SAN FRANCISCO—There are more than 550 fabless semiconductor companies competing in China today, but at least 100 of them will disappear within two years, according to market research firm iSuppli Corp.

"Many companies presently are seeking buyers and a total of four companies already have been acquired by foreign semiconductor firms during the past 12 months," said Vincent Gu, China research analyst at iSuppli (El Segundo, Calif.) "China's fabless IC industry is polarized with about 50 companies achieving success and the remainder struggling to survive."

Most of China's fabless companies are young and small, iSuppli said, and more than 88 percent will generate less than $10 million in revenue during 2008.

"Some companies are losing money and have no mature products available to deliver the revenues needed to continue doing business," Gu said. "Most companies have announced layoffs, cut production lines or have shut down entirely."

After years of double-digit annual growth, China's semiconductor sales revenue in 2008 is expected to rise by only 6.7 percent to reach $81.7 billion, up from $76.6 billion in 2007, iSuppli predicts. But China's fabless IC industry is expected to perform better, by 12.3 percent to reach $3.5 billion in 2008, the firm said.

"This growth in fabless IC revenue is being driven by domestic sales of wireless and consumer electronics products, rather than by exports," Gu said.

China's domestic market situation improved in 2008 despite regulatory restrictions and an incomplete supply chain, according to iSuppli. Popular applications supporting new domestic standards will appear in 2009 as the country's industrial ecosystems mature, the firm said.

Continued revenue growth for China's IC industry is anticipated in 2009, despite substantial economic uncertainty, iSuppli said.

The majority of China's semiconductor firms are short of capital and face cash flow problems, iSuppli said.

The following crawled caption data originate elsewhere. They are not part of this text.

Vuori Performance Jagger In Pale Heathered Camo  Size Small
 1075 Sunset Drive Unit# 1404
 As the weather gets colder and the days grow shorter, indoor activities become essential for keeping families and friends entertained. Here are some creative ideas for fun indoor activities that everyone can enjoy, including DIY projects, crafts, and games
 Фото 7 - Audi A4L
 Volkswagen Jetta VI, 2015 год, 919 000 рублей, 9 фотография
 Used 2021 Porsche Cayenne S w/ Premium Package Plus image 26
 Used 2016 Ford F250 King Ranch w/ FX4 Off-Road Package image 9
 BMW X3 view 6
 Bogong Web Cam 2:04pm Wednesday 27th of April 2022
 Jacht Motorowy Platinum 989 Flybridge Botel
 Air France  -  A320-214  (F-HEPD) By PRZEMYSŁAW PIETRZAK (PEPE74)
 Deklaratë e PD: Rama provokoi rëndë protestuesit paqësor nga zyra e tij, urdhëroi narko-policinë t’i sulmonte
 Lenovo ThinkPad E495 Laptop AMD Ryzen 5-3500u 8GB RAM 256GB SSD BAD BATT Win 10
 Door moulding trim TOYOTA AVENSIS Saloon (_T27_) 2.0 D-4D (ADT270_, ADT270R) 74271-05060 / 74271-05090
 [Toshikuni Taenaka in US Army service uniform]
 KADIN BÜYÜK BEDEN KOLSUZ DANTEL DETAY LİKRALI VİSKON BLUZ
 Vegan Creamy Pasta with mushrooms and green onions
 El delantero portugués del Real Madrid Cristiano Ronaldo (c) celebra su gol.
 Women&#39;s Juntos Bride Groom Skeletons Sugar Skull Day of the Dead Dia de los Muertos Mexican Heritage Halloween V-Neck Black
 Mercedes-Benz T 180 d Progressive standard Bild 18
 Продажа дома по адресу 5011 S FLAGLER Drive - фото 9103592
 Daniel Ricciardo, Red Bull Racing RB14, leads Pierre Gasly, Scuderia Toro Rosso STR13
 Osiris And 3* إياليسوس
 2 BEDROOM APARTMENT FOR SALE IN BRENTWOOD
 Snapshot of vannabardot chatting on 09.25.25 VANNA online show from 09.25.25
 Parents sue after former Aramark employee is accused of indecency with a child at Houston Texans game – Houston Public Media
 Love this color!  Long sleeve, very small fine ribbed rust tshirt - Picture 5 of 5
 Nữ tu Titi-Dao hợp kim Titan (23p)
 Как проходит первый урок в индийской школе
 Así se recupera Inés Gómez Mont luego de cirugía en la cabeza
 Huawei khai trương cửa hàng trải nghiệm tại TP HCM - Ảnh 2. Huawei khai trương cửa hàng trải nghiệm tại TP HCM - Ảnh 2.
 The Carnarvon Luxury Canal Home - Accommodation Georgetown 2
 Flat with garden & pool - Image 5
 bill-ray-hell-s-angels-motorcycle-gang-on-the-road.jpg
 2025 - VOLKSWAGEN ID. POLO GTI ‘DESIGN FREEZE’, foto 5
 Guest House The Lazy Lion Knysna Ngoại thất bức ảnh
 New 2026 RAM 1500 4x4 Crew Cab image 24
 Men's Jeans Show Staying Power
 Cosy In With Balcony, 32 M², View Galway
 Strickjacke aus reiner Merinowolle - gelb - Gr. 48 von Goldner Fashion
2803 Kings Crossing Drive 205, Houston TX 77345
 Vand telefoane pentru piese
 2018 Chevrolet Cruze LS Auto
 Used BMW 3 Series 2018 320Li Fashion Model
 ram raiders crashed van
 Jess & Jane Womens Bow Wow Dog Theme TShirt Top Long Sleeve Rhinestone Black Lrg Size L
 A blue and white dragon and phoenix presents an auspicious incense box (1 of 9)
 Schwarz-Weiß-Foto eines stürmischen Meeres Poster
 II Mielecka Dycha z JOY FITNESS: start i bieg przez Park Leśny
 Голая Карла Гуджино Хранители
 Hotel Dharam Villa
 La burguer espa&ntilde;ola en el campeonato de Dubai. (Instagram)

The launch of an alternative stock market in Shenzen has been postponed due to the global economic financial crisis, iSuppli said, and venture capitalists generally lack interest in China's IC industry. But iSuppli expects at least five companies will seek initial public offerings on the Nasdaq stock exchange and at least 10 companies will be involved in mergers next year.

A new iSuppli report, Semi Suppliers of Leading OEMs: A Closer Look at Risk Management, is now available through the firm's web site.

A separate report issued Tuesday by consulting firm PricewaterhouseCoopers conculuded that semiconductor consumption by electronics manufacturers in the Chinese market grew by 23 percent in 2007, when China consumed more than a third of the chips produced globally for the first time.